Pete Newell, one of the most influential coaches in the history of basketball, who won a national championship at the University of California in 1959, an Olympic championship in 1960, and whose camp became a required seminar in low-post play for generations of professional stars, died Monday in Rancho Santa Fe, Calif., near San Diego. He was 93.
Earl Schultz, a friend and caretaker who had been one of Newell’s former players at Cal, confirmed the death to The Associated Press, saying Newell had had smoking-related lung problems.
Like Hank Iba and Clair Bee, two other legends of college coaching at a time when the college game was far more popular than the professional game, Newell was a thoroughgoing master of basketball rudiments, a stickler if not a scientist regarding the fundamentals, a preacher of discipline on offense and tenacity on defense.
He was an innovator as well; according to Bill Fitch, a former coach of four N.B.A. teams, Newell was the first to use the “over-the-top” pass as an alternative to the bounce pass, and he found uses for the crosscourt pass, something conventional wisdom eschewed because of its risk of being intercepted. His stall strategy, called “three out, two in,” to protect a lead, predated the similar “four corners” technique popularized by Dean Smith at North Carolina.
Unlike Iba and Bee, however, Newell — who coached at Michigan State and the University of San Francisco as well as the University of California at Berkeley — wielded lasting influence with older players as well. His 1960 Olympic team was led by Jerry West and Oscar Robertson, who became two of the greatest guards in N.B.A. history.
“There is no way you can measure Pete’s impact on the game,” West, who starred for the Lakers, told The New York Times in the early 1990s.

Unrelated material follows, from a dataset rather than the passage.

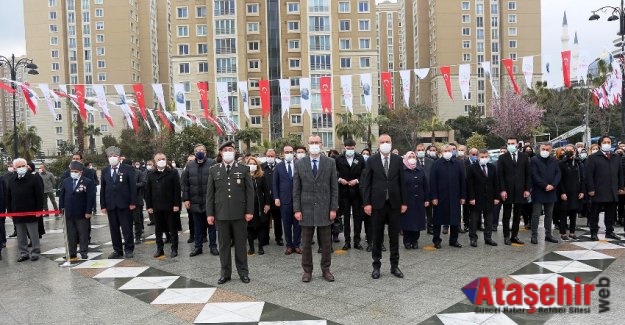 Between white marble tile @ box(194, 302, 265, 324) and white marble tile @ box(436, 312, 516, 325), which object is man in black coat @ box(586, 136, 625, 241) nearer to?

Peter Francis Newell Jr. was born on Aug. 31, 1915, in Vancouver, British Columbia, the youngest of eight children, and he grew up in Los Angeles. His father was a quiet man, a carpenter and a devout Catholic, but his mother, Alice, led a lively social life and had dreams of her children becoming movie stars. Young Pete appeared in small roles in several movies — he claimed Eric von Stroheim once called him a dumkopf for ruining a scene — and said Jackie Coogan was chosen ahead of him for the title role in the Charlie Chaplin film “The Kid.” But he was happier on his own, off screen, fending for himself.
“By the time he was 10 years old, Pete Newell was a crack poker player, a dedicated coffee drinker and a retired Hollywood actor,” wrote Bruce Jenkins, the author of a 1999 biography of Newell, “A Good Man.”
Newell went to Loyola University in Los Angeles (now called Loyola Marymount), and after serving in the Navy during World War II, he became the head basketball coach at the University of San Francisco (where he also coached baseball, golf and tennis). In 1949, his team won the National Invitation Tournament, at a time when it was the premier college basketball event. He coached at Michigan State from 1950 to 1954 and at Cal from 1954 through 1960. After winning the N.C.A.A. national championship in 1959, Cal returned to the finals the next year, losing to an Ohio State team that featured John Havlicek, Jerry Lucas and Bob Knight. His overall record for 14 seasons was 234-123, a winning percentage of .655.
Newell’s wife, Florence, died in 1984. He is survived by four sons.
Always an intense man who relied on coffee and cigarettes, Newell retired from coaching after his Olympic victory in 1960, when doctors warned that further stress would kill him.
From 1960 to 1968, he was the athletic director at Cal. In 1976, he began his “big man” camp with a single player, Kermit Washington. Last August, the 32nd session was held in Los Angeles. Besides Jabbar, its alumni have included Shaquille O’Neal, Bill Walton, Hakeem Olajuwon, James Worthy, Bernard King and dozens of other pros.